Fr. Lovassy notes that there is no single view on what the appropriate approach to religion should be even within Fidesz, whose members are often themselves not particularly practicing. Whatever the best interpretation may be, it does not mean that there is only room for Christians in society. Budapest, after all, has one of Europe’s most robust Jewish communities. Hungary has long been home to a variety of faiths. The first declaration of religious freedom in Europe, in fact, was the Edict of Torda, signed in Hungarian Transylvania in 1568.
Christian roots, emphasis on family
The country’s roots and heritage, however, are decidedly Christian. The 2011 Constitution ratified under Fidesz recognizes this, opening with an unambiguous proclamation: “we are proud that our king Saint Stephen built the Hungarian State on solid ground and made our country a part of Christian Europe.”
“We don’t question France and why it is secular.

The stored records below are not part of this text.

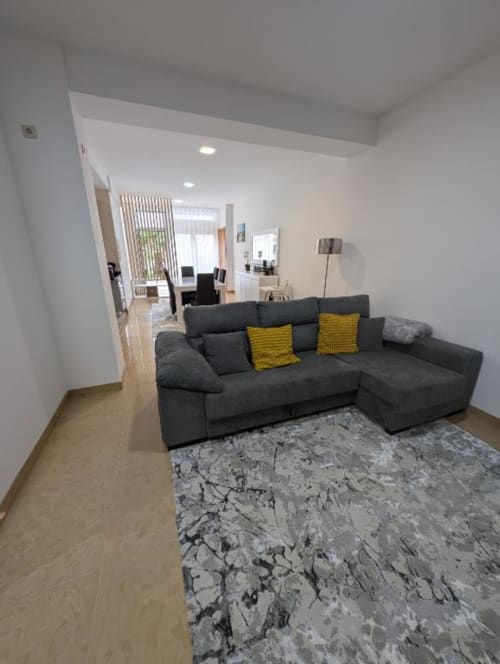 Sala de estar moderna no apartamento Villas Eden com sofá cinza, almofadas amarelas, tapete estampado e cozinha à vista
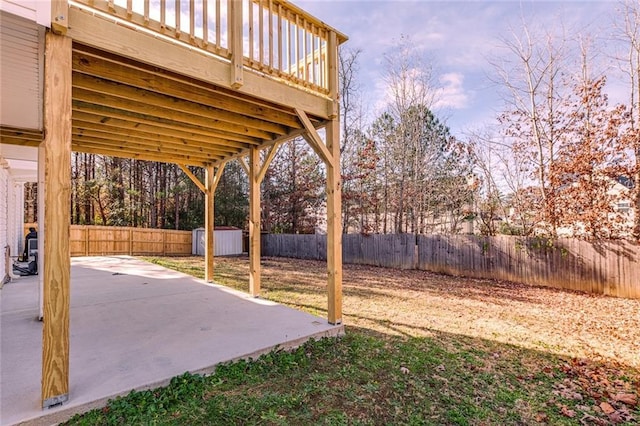 view of yard with a patio area and a wooden deck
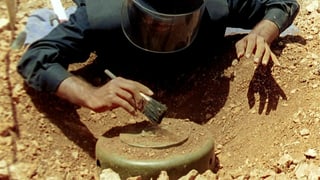 Ein Mitglied der UNO-Friedenstruppen bei der Entschärfung einer Landmine.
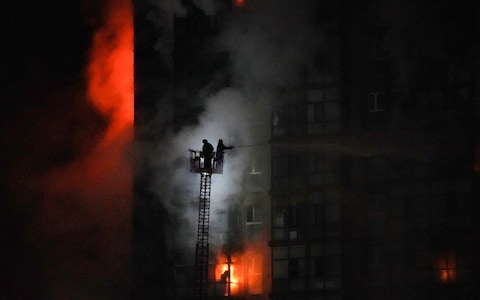 Firefighters tend to a blaze at the scene of an explosion from a vehicle crash in Ulaanbaatar, the capital of Mo<em></em>ngolia on January 24, 2024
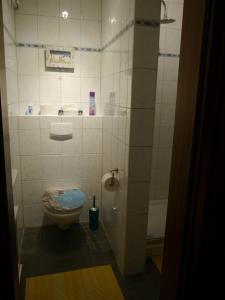 a bathroom with a toilet and a sink at Pension Heideweg in Weeze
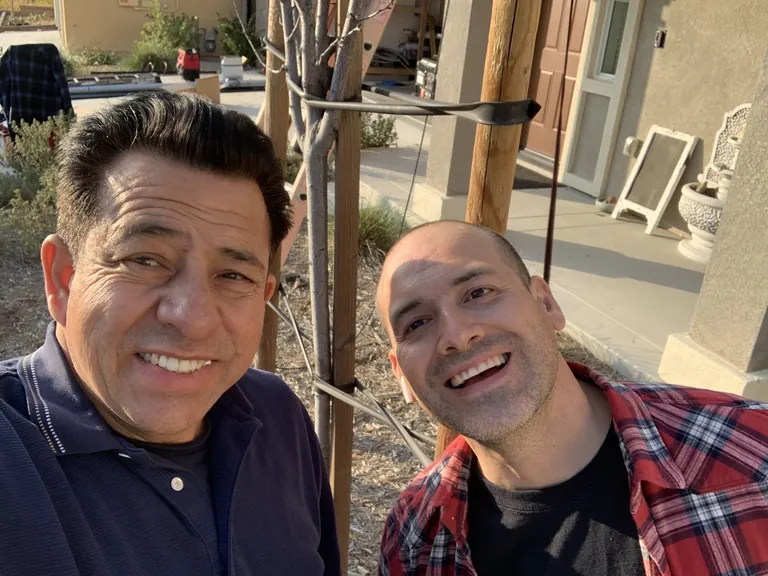 Two SolarCCS installers on a job site serving Woodcrest, CA
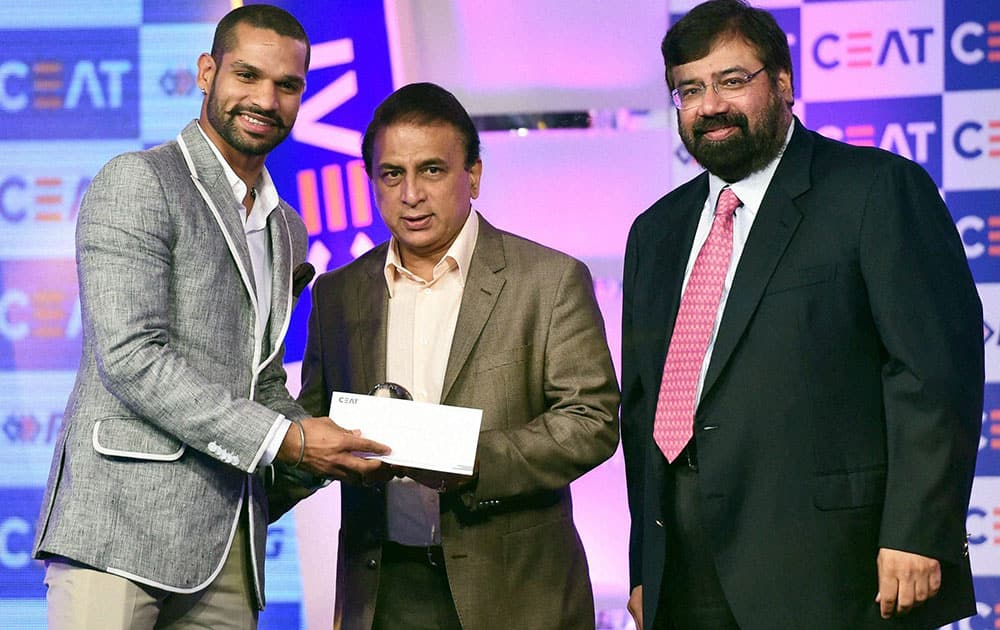 Cricketer Shikhar Dhawa receives an award from veteran cricketer Sunil Gavaskar and Industrialist Harsh Goenka during the CEAT International Cricket Awards 2014 in Mumbai.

We don’t question England on why it has an Anglican church,” says Kiss. “Why do other countries question Hungary in its religious context?”

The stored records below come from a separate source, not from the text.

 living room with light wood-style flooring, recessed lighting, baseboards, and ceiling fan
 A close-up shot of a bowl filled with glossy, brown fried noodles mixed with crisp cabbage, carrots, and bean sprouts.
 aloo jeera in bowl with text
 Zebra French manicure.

In the years since the European migrant crisis, the Hungarian government has gained a reputation for strict immigration policy. Pope Francis has alluded to his discontent with such measures during both his visits to Budapest. Lánczi argues that the approach comes in part from a desire to maintain the Christian character of the nation. There is a fear that mass migration from the Islamic world would significantly alter the nature of the country. Many Hungarians still refer to Hungary’s historic role as a bulwark of Christian society, defending Christendom, at times with their blood, at the border with Islamic civilization. In fact, the tradition of church bells ringing at noon dates back to a 1456 papal decree calling for Christians to pray for the Hungarians’ defeat of the invading Turks at Belgrade.
Beyond acting as a national unifier and a link to the past, its Christian foundation is also treated as a pragmatic solution to contemporary societal ills. The government’s emphasis on Christianity goes hand in hand with its emphasis on family. Promoting marriage and family has been a priority of the Fidesz government. The bigger the family the better, as East-Central Europe is experiencing some of the most significant demographic decline in the world. It is an emerging global issue that receives little attention and one that Hungary has been a pioneer in tackling. For practical politicians, the moral foundation that Christianity provides looks especially appealing in an age of postmodern rootlessness.
For the Church, Fidesz’s policy is timely. Given rising trends of secularization, Fr. Lovassy believes that now may be the country’s last chance to reclaim the Christian heritage it lost during communism. Most Catholic priests and bishops are happy with the support that the Church receives from the state, but it is no substitute for evangelization. “I don’t think a government or political party can preach the faith,” he says.
“If the faith [is] not practiced anymore for a long term, Christian culture cannot be maintained,” argues Norbert Filemon, contributor to the conservative YouTube channel Axióma and Director of Communications for the Archdiocese of Veszprém. “It is good if a government supports Christian culture, just not enough without effective evangelization from the members of the Church.”
He argues that Hungary offers a successful model of government that Christian conservatives can follow around the world. “We have always been part of the West, but it is an alternative.”
Hungary’s government may not be on a mission to convert a post-Christian culture. But it may at least be tilling the soil from which good fruits – both temporal and spiritual – can grow.